Writer: Steve Orlando
Artist: Brian Ching
Colorist: Michael Atiyeh
Letterer: Steve Wands
Editor: Paul Kaminsky
Publisher: DC Comics
Cover Price: $3.99
Previously in Supergirl: “The Phantom King holds all the cards, and he’s forcing Supergirl and Batgirl to turn to the alien antagonist in order to save themselves and the humans trapped inside the Phantom Zone…”
THE SAGA CONTINUES
This issue picks up where last ish left off, with Supergirl, Batgirl and Ben trapped in The Phantom Zone after getting caught in a portal by accident. The Zone has deprived Kara of her powers, but they’re fortunately picked up by a pirate ship commanded by Captain Jiln-Ka, a ship built out of the only solid material in the Zone. It’s not long, though, before the Captain reveals that he’s more than he seems to be, and is in fact an old enemy of the House Of El. He is also the being who has been manipulating Psi (the psychic whose escape into the zone in the Supergirl Annual kicked off this whole arc), and is holding her hostage on his ship. Supergirl is forced to rely on her wits and unpowered fists, like Batgirl, leading to the final page cliffhanger where she makes a daring leap into the mouth of a mighty psychic dragon that may or may not be Psi herself…

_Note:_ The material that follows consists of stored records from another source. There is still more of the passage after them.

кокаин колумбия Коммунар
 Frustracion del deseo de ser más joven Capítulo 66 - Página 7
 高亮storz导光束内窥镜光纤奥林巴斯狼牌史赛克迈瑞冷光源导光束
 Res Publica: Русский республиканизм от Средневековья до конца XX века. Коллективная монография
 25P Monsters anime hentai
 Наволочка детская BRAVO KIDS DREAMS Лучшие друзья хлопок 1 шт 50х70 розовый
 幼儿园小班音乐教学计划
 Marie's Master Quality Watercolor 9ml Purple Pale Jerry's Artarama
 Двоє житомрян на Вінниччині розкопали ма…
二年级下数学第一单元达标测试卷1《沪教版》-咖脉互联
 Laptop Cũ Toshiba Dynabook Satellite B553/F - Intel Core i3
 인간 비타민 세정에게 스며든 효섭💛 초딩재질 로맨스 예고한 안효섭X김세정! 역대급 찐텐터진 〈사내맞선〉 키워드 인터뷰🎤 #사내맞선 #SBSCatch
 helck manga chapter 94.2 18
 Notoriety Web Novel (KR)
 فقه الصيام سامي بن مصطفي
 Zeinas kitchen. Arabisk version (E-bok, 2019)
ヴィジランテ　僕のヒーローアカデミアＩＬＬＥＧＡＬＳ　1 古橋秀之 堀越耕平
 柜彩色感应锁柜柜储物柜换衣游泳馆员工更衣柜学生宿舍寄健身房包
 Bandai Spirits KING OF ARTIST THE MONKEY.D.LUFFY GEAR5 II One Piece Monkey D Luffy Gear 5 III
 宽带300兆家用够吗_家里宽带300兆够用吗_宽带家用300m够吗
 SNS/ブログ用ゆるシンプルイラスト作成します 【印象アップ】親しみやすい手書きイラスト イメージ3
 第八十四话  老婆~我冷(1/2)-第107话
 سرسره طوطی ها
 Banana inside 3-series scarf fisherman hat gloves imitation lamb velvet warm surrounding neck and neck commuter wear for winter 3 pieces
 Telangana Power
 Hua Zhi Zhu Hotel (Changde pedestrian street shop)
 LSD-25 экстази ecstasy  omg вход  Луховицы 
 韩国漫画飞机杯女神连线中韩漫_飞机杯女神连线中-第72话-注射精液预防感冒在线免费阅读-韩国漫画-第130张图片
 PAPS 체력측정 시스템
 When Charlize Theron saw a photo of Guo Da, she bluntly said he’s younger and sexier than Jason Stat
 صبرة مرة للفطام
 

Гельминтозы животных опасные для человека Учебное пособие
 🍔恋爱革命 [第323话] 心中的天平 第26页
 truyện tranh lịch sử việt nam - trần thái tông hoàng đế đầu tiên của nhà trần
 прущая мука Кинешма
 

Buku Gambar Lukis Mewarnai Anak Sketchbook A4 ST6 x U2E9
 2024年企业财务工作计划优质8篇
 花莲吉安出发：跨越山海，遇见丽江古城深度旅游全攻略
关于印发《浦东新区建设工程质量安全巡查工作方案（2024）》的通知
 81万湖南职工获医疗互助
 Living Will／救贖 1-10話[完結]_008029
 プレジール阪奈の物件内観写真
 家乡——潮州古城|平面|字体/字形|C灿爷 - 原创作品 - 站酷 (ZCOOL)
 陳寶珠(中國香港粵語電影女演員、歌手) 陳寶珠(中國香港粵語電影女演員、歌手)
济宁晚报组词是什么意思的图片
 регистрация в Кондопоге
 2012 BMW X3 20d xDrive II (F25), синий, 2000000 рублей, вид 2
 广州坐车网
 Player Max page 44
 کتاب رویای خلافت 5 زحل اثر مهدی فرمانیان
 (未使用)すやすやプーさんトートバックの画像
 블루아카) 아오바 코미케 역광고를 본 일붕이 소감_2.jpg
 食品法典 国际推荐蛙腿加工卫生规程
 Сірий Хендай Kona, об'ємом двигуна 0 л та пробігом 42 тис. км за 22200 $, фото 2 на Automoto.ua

HE WANTS TO *BOIL* BATGIRL?
Of course, the most interesting part of the issue to me is the return of Selena, the witch played by Faye Dunaway in the 1984 ‘Supergirl’ film, who is fetched from Limbo by a team consisting of Magog (Ugh), The Emerald Empress and Indigo, aka Brainiac-8. It’s the kind of continuity fan service that I love from the work of Steve Orlando, bringing Supergirl’s highest-profile foe (at least, her highest profile pre-TV foe) into the DCU proper for the first time, and tying it all together with the ongoing mystery of the Empress, who seems to be a relic of the pre-Flashpoint universe. The art is charming as well, giving us a Kara Zor-El (and a Batgirl, for that matter) who actually looks like a young woman and there’s a lot of emotion in every facial expression Brian Ching draws, especially Ben’s horrified expression on the final page…
THE BOTTOM LINE: A STRONG MIDDLE CHAPTER
So often, when we’re in the middle of an ongoing storyline, I am frustrated by the obvious stretching necessary to fill out a story (I’m looking at you, Secret Wars 2016) but there’s none of that here. Supergirl’s story moves quickly, while still allowing for some quieter character moments for our cast in between the shock and the big fight sequences. Supergirl #10 makes for a great second act, building to something that could be catastrophic without neglecting to tell a character-driven story, earning 4 out of 5 stars overall.